Maple Program Volunteer Page
The MacKenzie Center Educators are excited to announce that the MacKenzie Center will be hosting Maple Education Program in March 2025! This program will offer 4th grade students the opportunity to:
1) visit our “sugarbush,”
2) learn the history and process of making maple syrup, and
3) enhance their knowledge of tree identification and the process of photosynthesis.
This educational experience will feature “hands-on” learning, including tapping a tree, making a spile to take home, and tasting some pure MacKenzie maple syrup! Maple Education is not possible without the incredible help and support from you: the dedicated and passionate volunteers. During maple season, we tap over 150 trees and reach over 1,200 students. We typically collect around 1,000 gallons of sap and produce around 35-40 gallons of pure maple syrup.
Volunteers are needed throughout the month of March as we host 4th graders from all-over South-Central Wisconsin for this special spring program. Maple field trips occur twice a day, Tuesdays, Wednesdays and Thursdays in March. Volunteers can sign up for just a few days or for the entire month of the education program. Many education volunteers will participate in 3 or more days throughout the month. No previous experience is necessary, but we do caution you that this experience is addicting! This is a great chance to learn from experienced volunteers and try something new. If someone you know would like to volunteer for the first time, please share this information!
We are thrilled to invite everyone to the 2025 Maple Volunteer Training! Our training session will be held this year at the MacKenzie Center Lodge on Tuesday, February 18 from 9am until 12pm, with lunch provided and supplemental guide training in the afternoon. If you are interested in this opportunity, please contact us. Volunteers can also fill out the Maple Volunteer Information Form to help us plan for the Maple Season.
In addition to these trainings, we’ll be having other volunteering opportunities and information sessions. The important dates throughout the season are listed in the Important Maple Dates. We also included a list of Maple Position Descriptions. We want to incorporate the experience of our volunteers into this training. If you’re experienced in working as a guide and would be able to teach during the training, please let us know!
We cannot wait to see everyone in February! In the meantime, please feel free to reach out to one of our educators, Rachel Padour or Joseph Montaine, with any questions about dates or the trainings or programs in general. You can reach us by email or by phone –
Rachel Padour: Rachel.padour@wisconsin.gov
Joseph Montaine: Joseph.montaine@wisconsin.gov
Education Office Phone: (608) 635-8112
Education Cell Phone: (608) 588-4056.
Thank you all so much for your involvement in past Maple Seasons. We are looking forward to a wonderful 2025 season!

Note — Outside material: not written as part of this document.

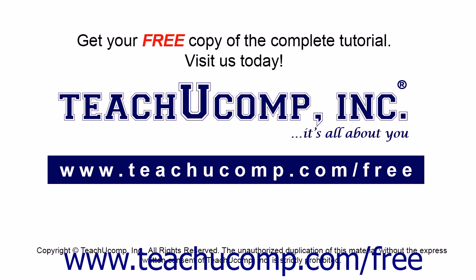Get your free copy of the complete tutorial at www.teachucomp.com/free.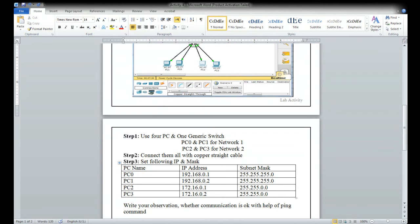Network one belongs to class C. For network two, PC two has address 172.16.0.1 — it belongs to class B, so the subnet mask is 255.255.0.0. For PC three it is 172.16.0.2. So the network ID for network two is 172.16, which belongs to class B.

Here comes the yellow school bus bringing a load of enthusiastic fourth graders set to swarm the otherwise quiet and serene MacKenzie center. As the excited youngsters and chaperones disembark, groups are formed and introductions are made. I begin by discussing the day’s events. I immediately ask the students “why are you here?” Some answer “to see the animals” while others inform me they are here to “eat maple syrup” or “climb the tower!” We begin our lessons by learning how to identify sugar maple trees but the tricky part is all the identifying leaves fell in the fall. I explain about photosynthesis and why this is such an important part of the maple process.
As a guide, I like to remind the students of Native Americans and how they came to a “sugar bush” to collect sap. In order to collect sap, we use a spile pounded into the maple tree so the sap can run out. A plant, the elderberry bush, is used to make these spiles. I show the students what the elderberry wood looks like and each makes a spile of their own to take home. Guiding my group, I find a maple tree to tap and show them how this is done. Hopefully the weather is cooperating and the temperature is just right for the sap to flow. I encourage the students to taste the sap.
At this point it is mostly water and we discuss how it becomes syrup. We make our way from the “sugar bush” to the finishing area so the students can see how sap was boiled years ago comparing to how it’s done today. Ending our day in the woods, we are treated with time to sit around a camp fire and discuss what they have just experienced. The best part is the reward of a spoonful of “liquid gold,” or maple syrup as you may know it.
~ Steve Siegler, Maple Education Program Volunteer since 2009.